Parsing with Yapps

Recommended by Tim Peters!

Yapps (Yet Another Python Parser System) is an easy to use parser generator that is written in Python and generates Python code. Although there are several parser generators already available for Python, I had different goals, including learning about recursive descent parsers. Yapps is simple, is easy to use, and produces human-readable parsers. It is not fast, powerful, or particularly flexible. Yapps is designed to be used when regular expressions are not enough and other parser systems are too much: situations where you may write your own recursive descent parser. On this page you can find both Yapps 1 and Yapps 2. Yapps 1 is more like a functional language (concise grammars of the form when you see this, return this), while Yapps 2 is more like an imperative language (more verbose grammars of the form if/while you see this, do this). Both are completely free.

For a quick demonstration of how easy it is to write a Yapps grammar, take a look at the 15 line expression evaluation example, which produces code to parse and evaluate expressions like 13-(1+5)*8/7.

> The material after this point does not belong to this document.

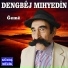 Dengbêj Mıhyedin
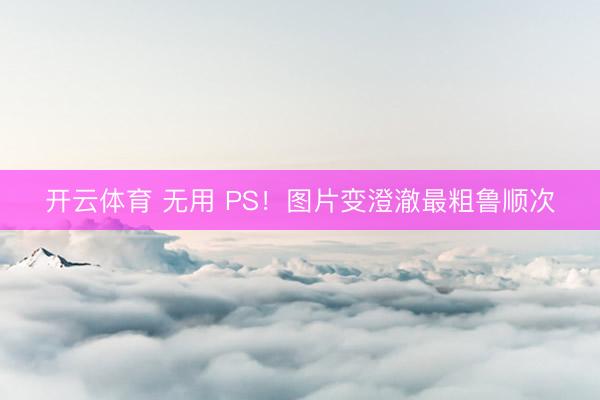 开云体育 无用 PS！图片变澄澈最粗鲁顺次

Please let me know if Yapps is useful for you! Thanks!

Yapps 1

Some unusual features of Yapps that may be of interest are:

  1. Yapps produces human-readable recursive descent parsers. There are several heuristics used to keep the generated code simple.
  2. Yapps produces context-sensitive scanners that pick tokens based on the type of tokens accepted by the parser. In some situations, token matching is ambiguous unless the context is taken into account.
  3. Yapps rules can pass arguments down to subrules, so subrules can use information (such as declarations) that was parsed at higher levels in the parsing process. These are sometimes called attribute grammars.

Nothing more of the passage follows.